The data breach at Instructure highlights the ongoing cybersecurity risks faced by educational technology providers, potentially exposing sensitive personal information of millions of users worldwide. This incident underscores the importance of robust security measures and rapid response protocols to protect user data and maintain trust in digital learning platforms.

Key Takeaways

Educational tech giant Instructure has confirmed that data was stolen in a cyberattack, with the ShinyHunters extortion gang claiming responsibility.

Instructure is a U.S.-based education technology company best known for developing Canvas, a widely used learning management system that helps schools, universities, and organizations manage coursework, assignments, and online learning.

On Friday, Instructure disclosed that it suffered a cybersecurity incident and is working with third-party cybersecurity experts and law enforcement to investigate it.

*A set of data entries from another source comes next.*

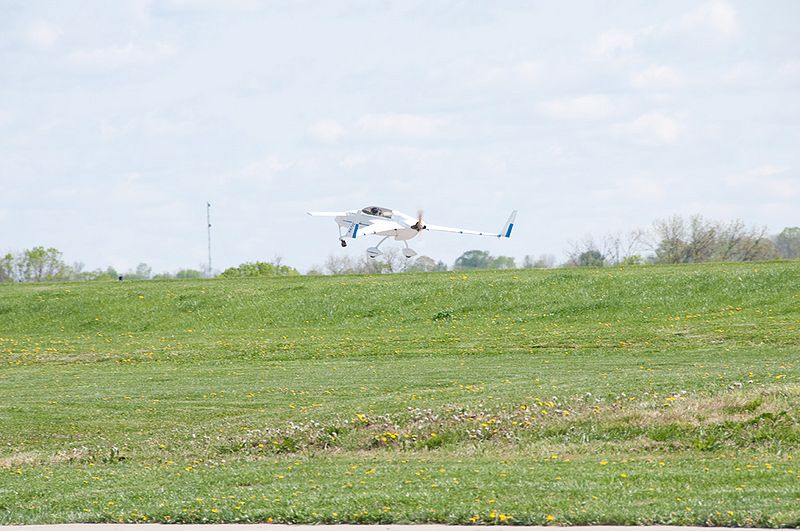 N47VE takeoff9.jpg
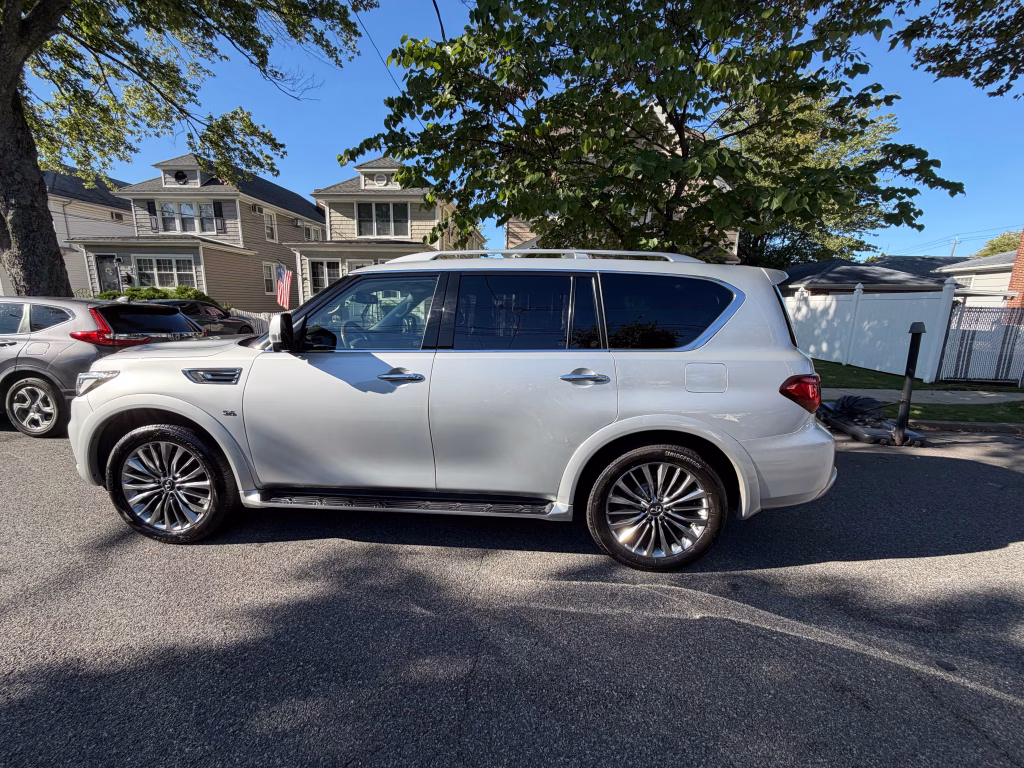 2018 INFINITI QX80 Sport Utility 4D AWD/4WD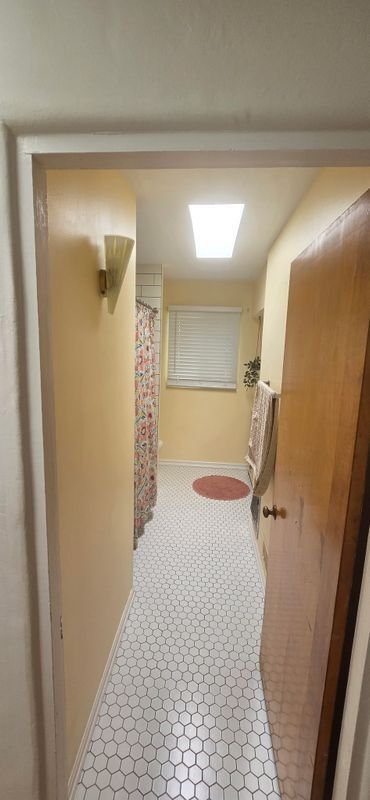 Building Photo - 4220 Broadmoor Ave NE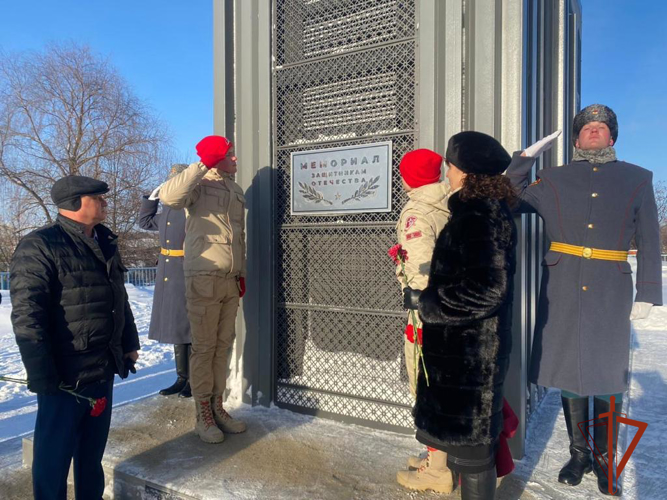 Военнослужащие Росгвардии приняли участие в открытии Мемориала  «Защитникам Отечества»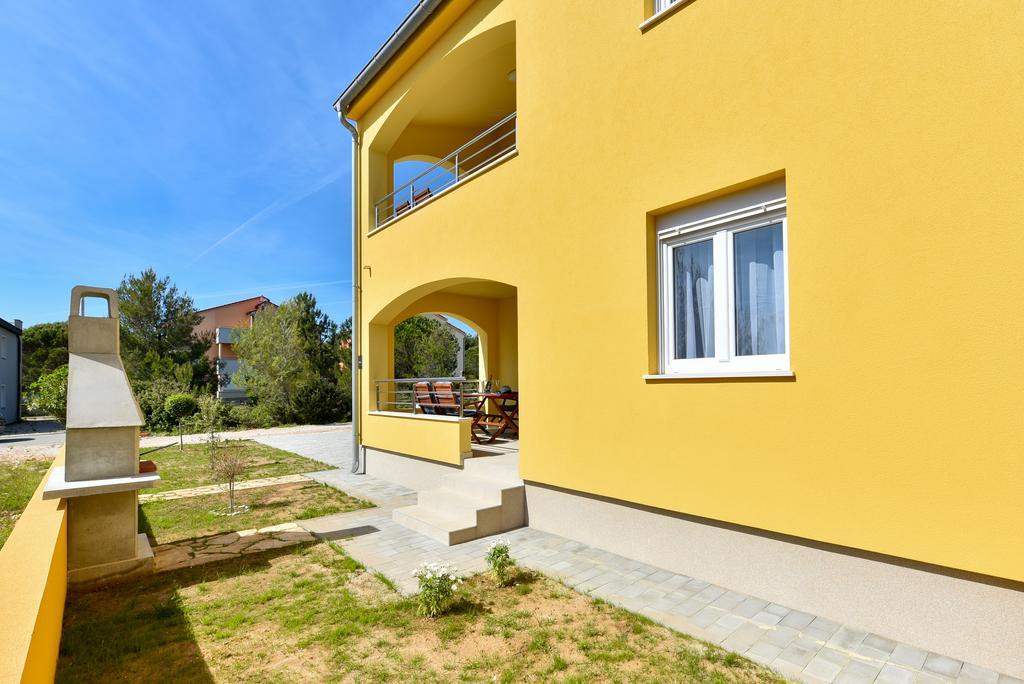 Apartments Ana Vrsi Exterior photo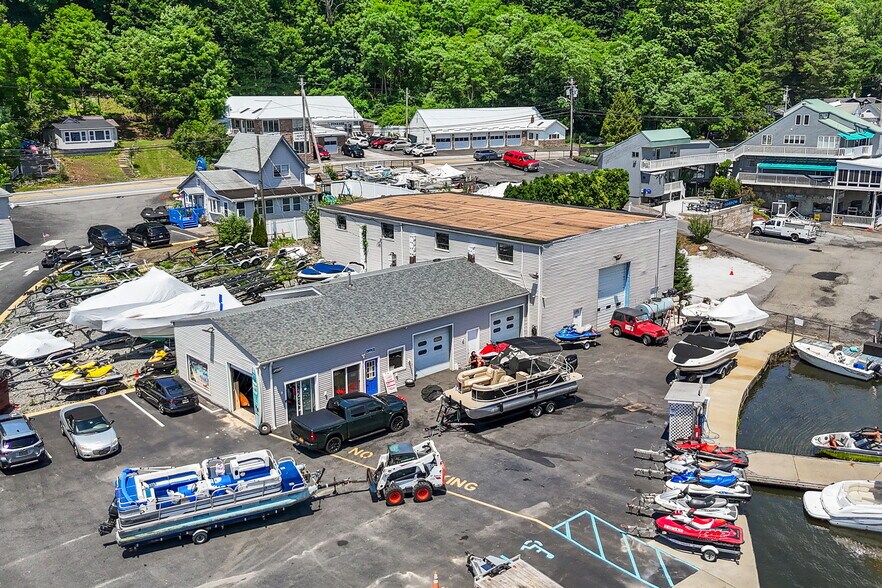 622 Jersey Ave, Greenwood Lake, NY à vendre - Photo du bâtiment - Image 3 de 27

On Saturday, the company issued an update stating that the personal information of users was exposed in the breach.

"While we continue actively investigating, thus far, indications are that the information involved consists of certain identifying information of users at affected institutions, such as names, email addresses, and student ID numbers, as well as messages among users," reads the updated statement.

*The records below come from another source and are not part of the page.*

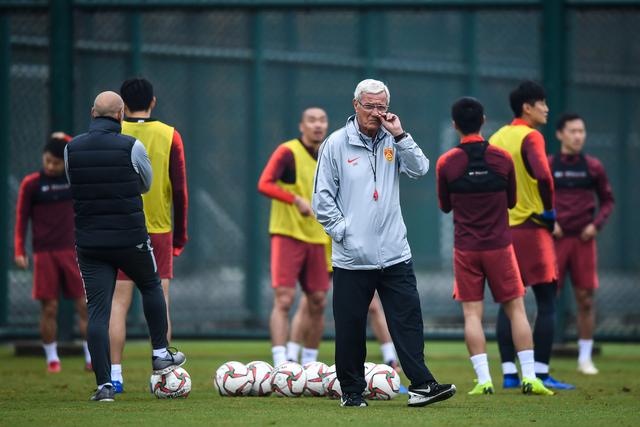 美国男篮大胜塞尔维亚 库里24分约基奇16+11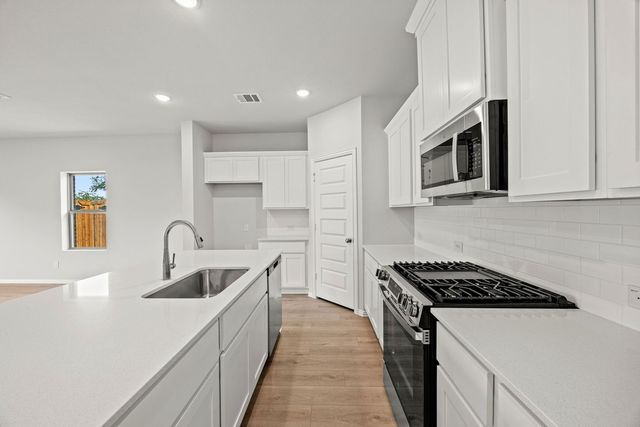 3204 Kingdom Drive, Denton, TX 76208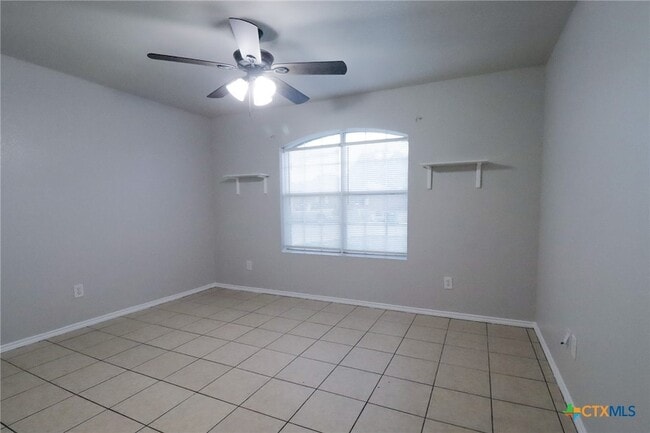Building Photo - 1705 Liberty Hill Dr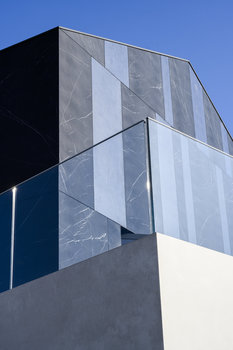 ULTRA Application Design - FLOOR & WALL STAIRS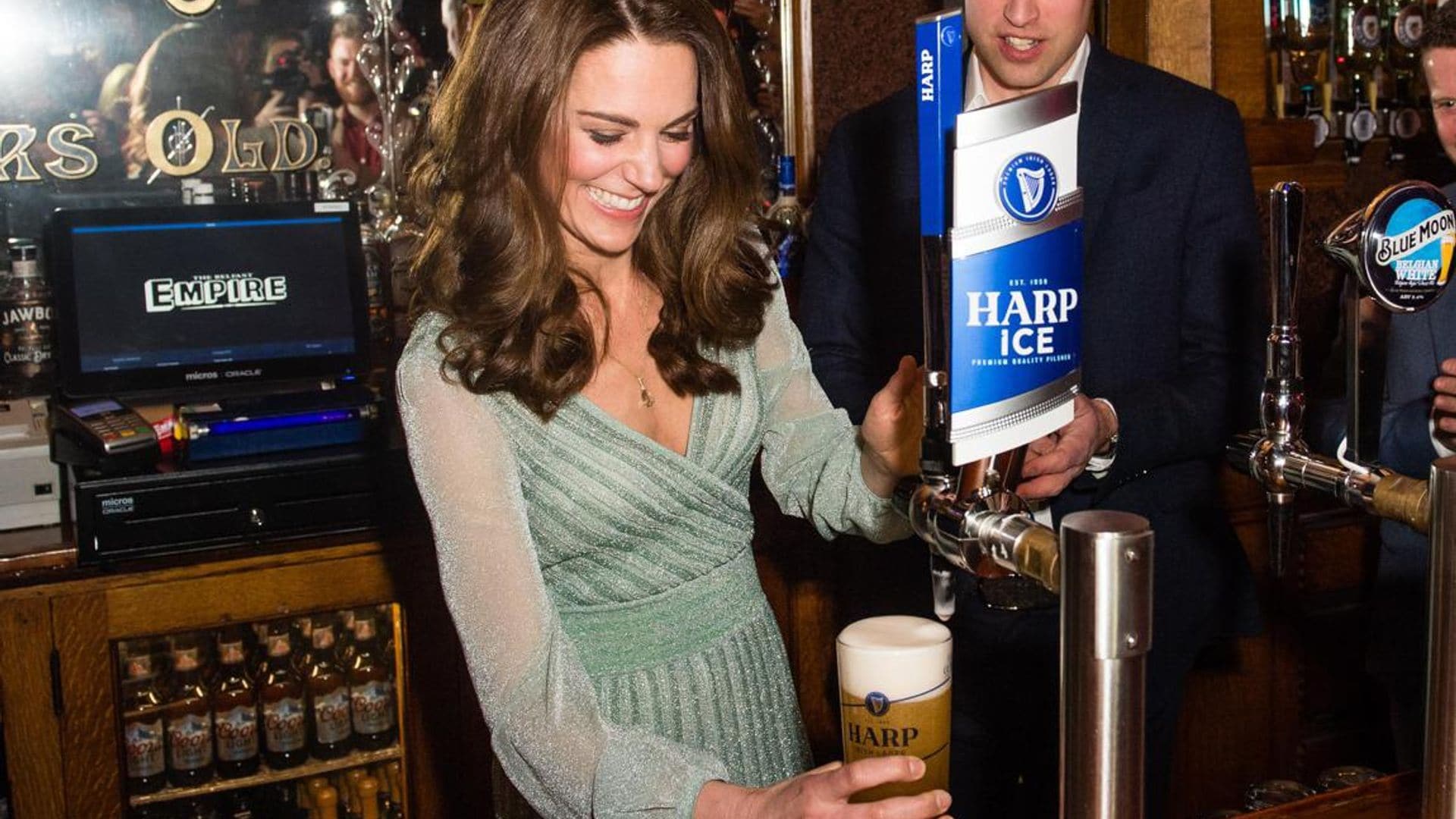 Kate Middleton hits local pub with school moms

"At this time, we have found no evidence that passwords, dates of birth, government identifiers, or financial information were involved. If that changes, we will notify any impacted institutions."

As part of the response, Instructure has deployed patches, increased monitoring, and rotated application keys as a precautionary step.

Customers are required to re-authorize access to Instructure's API for new application keys to be issued.

While Instructure has not responded to BleepingComputer's questions about when the breach occurred and whether they were being extorted, the ShinyHunters extortion gang has now listed the company on its data leak site.

"Nearly 9,000 schools worldwide affected. 275 million individuals data ranging from students, teachers, and other staff containing PII," reads the data leak site.